O pobre músculo espancado, inchado e ensanguentado pelas sofridas repetidas inspecções e análises estava sem força para continuar a bater e a alimentar aquele corpo do qual estava incumbido de manter vivo. Batia, lá ia batendo, um pulsar frágil repleto de inquietação que ia buscar memórias perdidas entre o que sonhou e o que nunca sonhou. Como um carro que funciona a gasolina que anda agora a depósito meio cheio de gasóleo. O combustível estava lá, não era era o certo para continuar a andar. E o pobre músculo esforçava-se por continuar a bater sem a alma a puxar por ele. Bem, isto não está bem, isto não está nada bem. Somos carne e osso assim como pensamento e imaginação. E a carne precisa do pensamento. Com a alma vazia somos um nada capaz apenas de tomar as decisões básicas. Somos um nada que não aspira a ser mais do que esse nada.
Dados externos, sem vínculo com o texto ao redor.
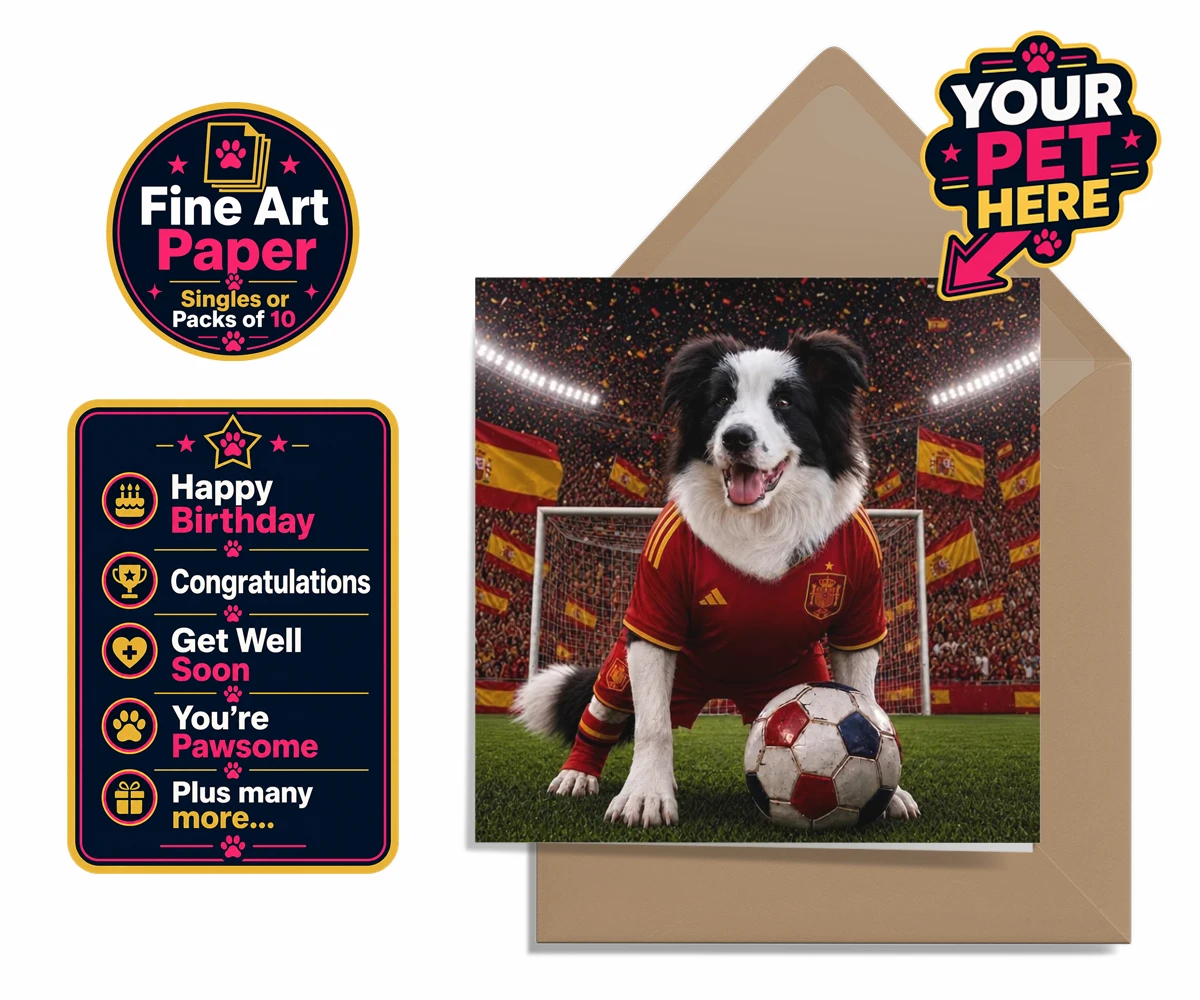 Personalised Spain Footballer dog premium greetings cards featuring capturing your beloved dog in all its sporting glory!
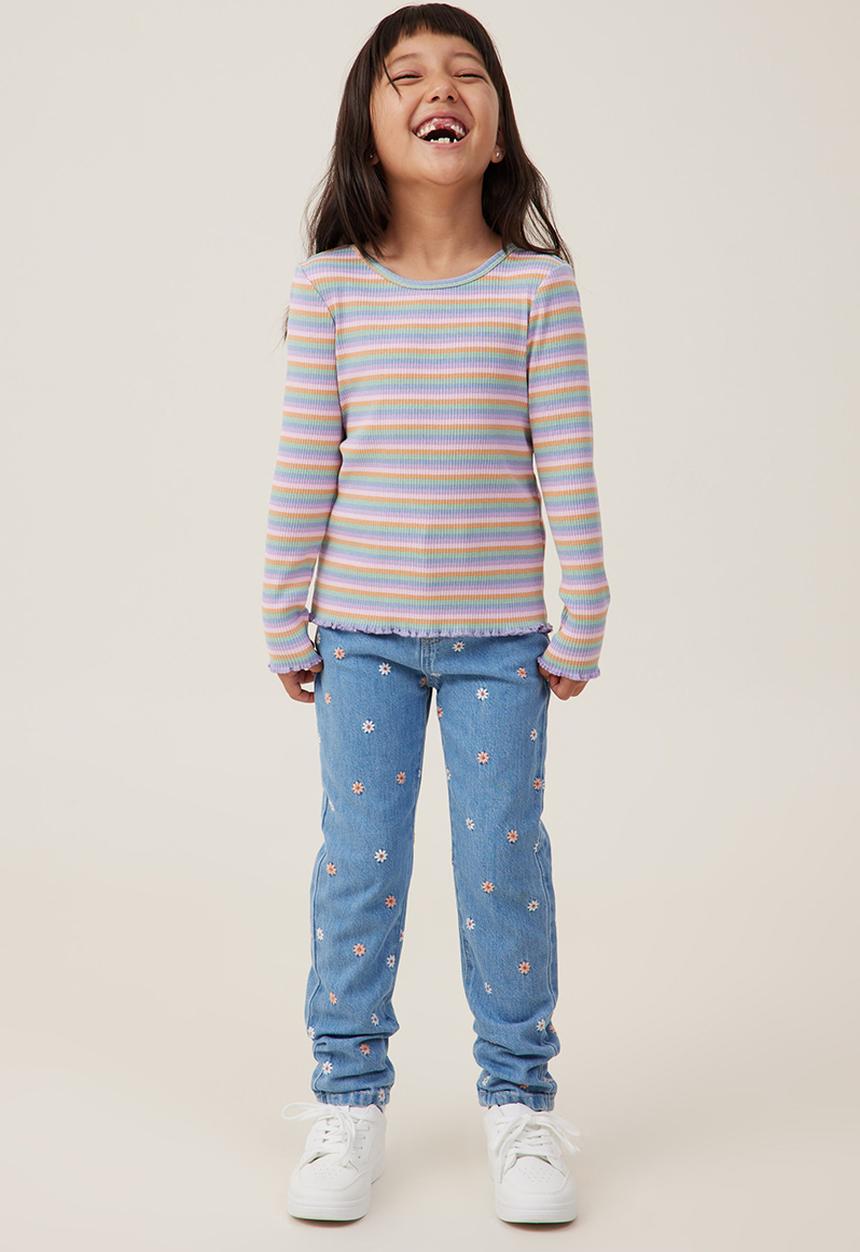 Cotton On - Jade crew - retro rainbow stripe rib
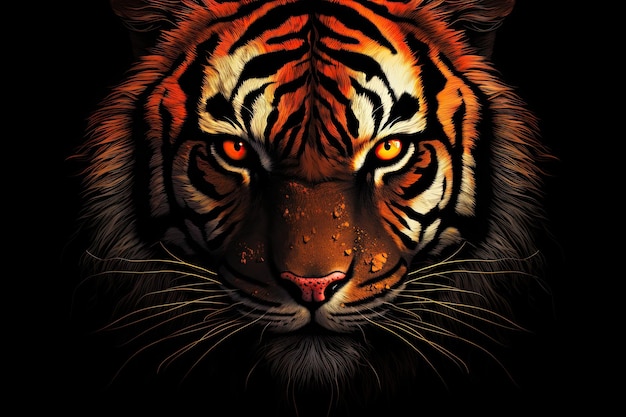 Portrait of a tiger with hypnotizing look Generative AI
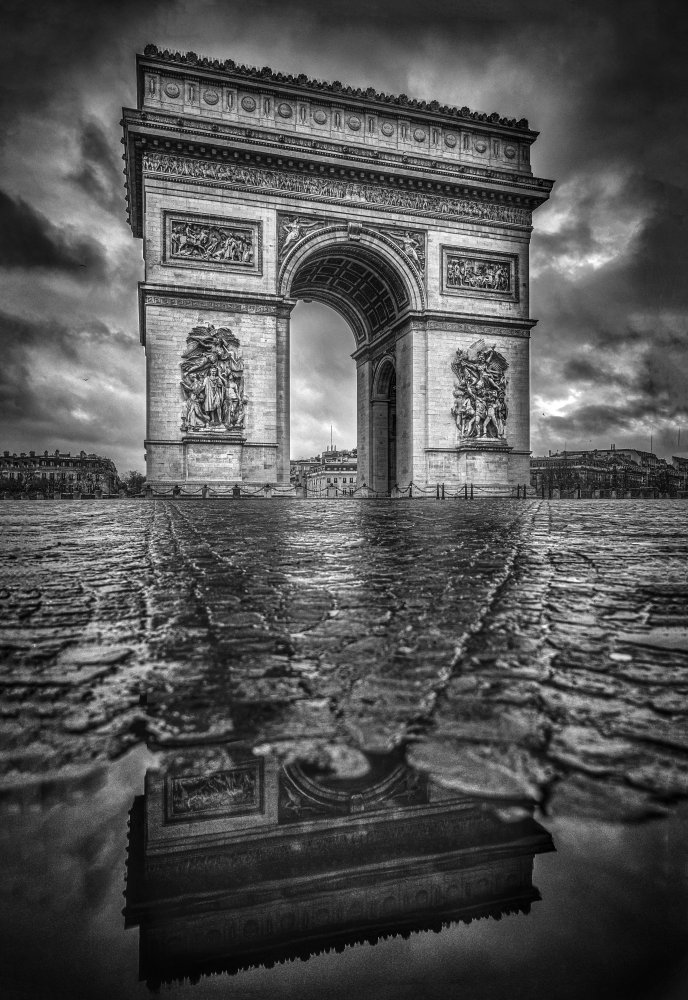 Arc de Triomphe Reflection by Adrian Lázare — canvas wall art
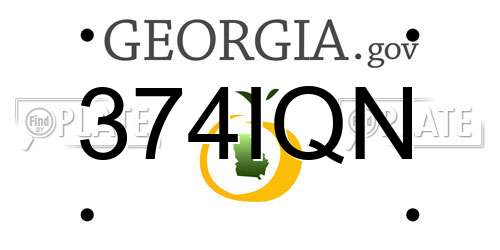 374IQN Georgia License Plate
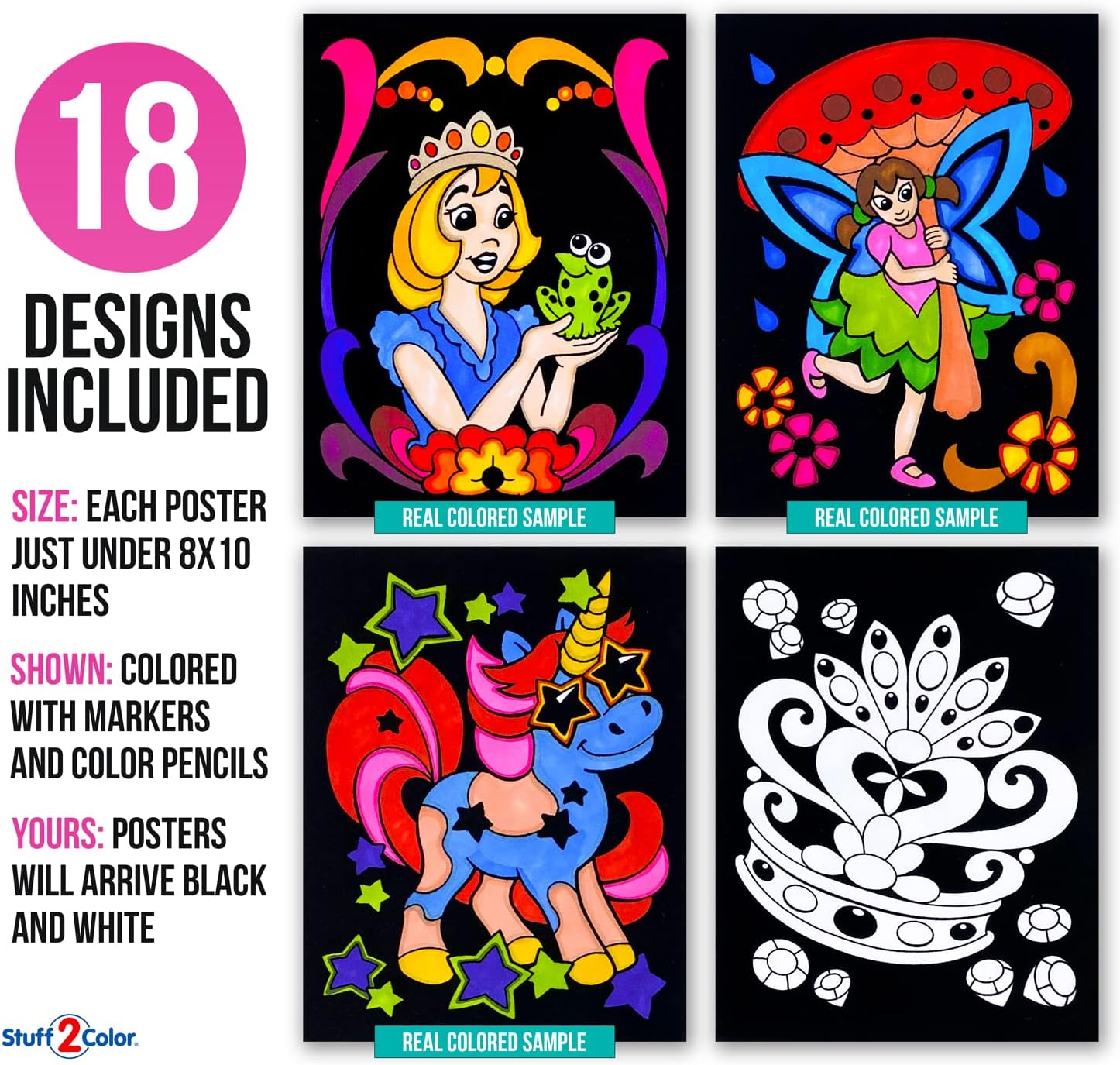 Stuff2Color Super Pack of 18 Fuzzy Coloring Posters (Unicorns & Fairy Tales Edition) (8.60 X 10.90 Inches) image number 4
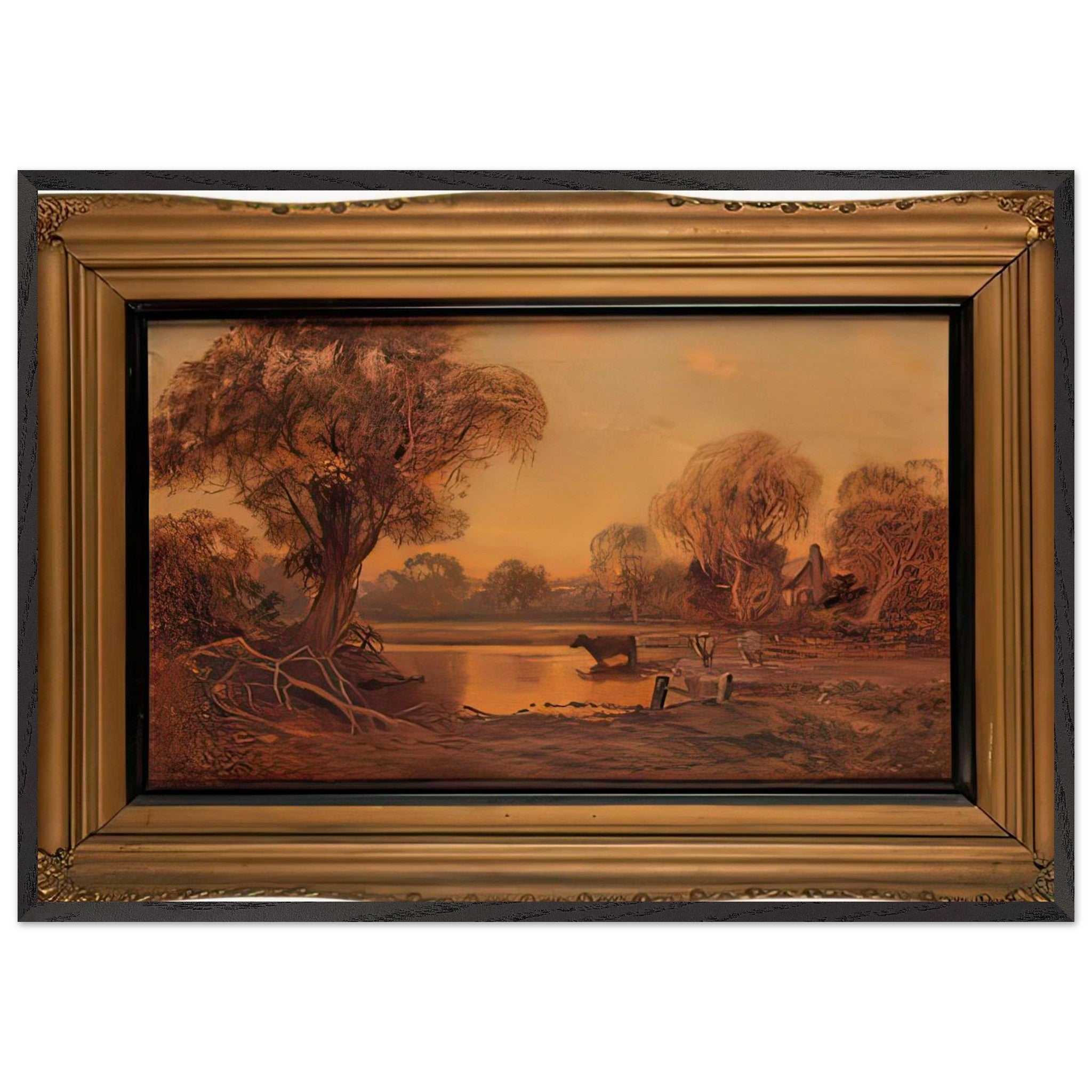 Landscape by George Hyde Pownall — Framed art print at Zephyeer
O desejo, na minha pouco importante opinião, é um dos pilares da vida. Da vida, não da existência. Os lábios que deseja beijar, o copo que deseja beber, o cigarro que deseja apreciar. Enfim, se o desejo está lá então a alma também está. Pode estar debilitada, espancada e ensanguentada como o nobre coração, mas está lá. Falo de desejos carnais como podia falar de qualquer outro desejo. Falo deste porque sei que as almas podem ser salvas por alguém ou por algo, por bons livros e por boa música, que nos toca. Porque, a esta dimensão, e neste profundo sentido da palavra 'tocar', deixamos um pedaço de nós com a outra alma e levamos um pedaço dela conosco. Agora, nunca podemos deixar nem levar nada de negativo nesta troca de afagar de espírito ou corremos o risco de acontecer à alma e ao coração o que falei nos parágrafos anteriores. E às vezes acontece. Às vezes acontece depois de nos entregarmos a alguém que gosta não de nós mas da versão melhorada e moldada de nós. (Este 'alguém' sou eu e nesta história ainda não é você.) Daquela que aparecerá depois desse alguém nos transformar num ideal utópico, em algo que parece perfeito até olharmos para trás e vermos apenas a memória de um 'eu' que já não existe. Aí já é tarde para a alma recuperar, a ferida foi aberta e o corte é profundo. Tudo o que conhecia e gostava colapsa, tudo o que era tem de desaparecer. E foi nesse momento que começou esta história de mágoa e passados apagados que causam almas adormecidas ou arredias. Mas não é aí que a história acaba. Agora preste atenção que esta parte é a mais importante: a vontade volta, o coração volta a bater num peito mais cheio e o desejo consegue levá-lo a fazer coisas que nunca achou possível fazer. E conhece pessoas novas e toca noutras almas de uma outra maneira. E a vida continua e com sorte, como eu tive, até melhora. Pode andar perdido, faz parte, mas há sempre alguém (mesmo que ainda não o conheça) que está disposto a ajudar a recuperar pequenos bocadinhos de si, nem que seja você mesmo.
Quando encontra alguém com quem trocar umas palavras, umas intimidades que não são apenas histórias de ficção, percebe ou lembra-se de quem realmente é. (Re)Descobre-se nas palavras que escreve, nas que diz, nas que lê e nas que lhe são ditas, nas que já (ou ainda) não é capaz de dizer. E são estas pessoas, que talvez nem saibam bem o quanto, que nos ajudam a acreditar em nós outra vez. São essas as que ficam, mesmo que não saibam que cá estão, as que não foram só os andaimes mas também o cimento que ajudou a construir uma nova casa de memórias e de sonhos que é a alma. Acho que nunca lhe agradeci o suficiente pelo que fez por mim. Não sei se alguma vez o vou chegar a fazer, gostava, mas compreendo que não o faça. Obrigada por me mostrar que continuo consigo, que continuo dentro do que há de mais profundo em si.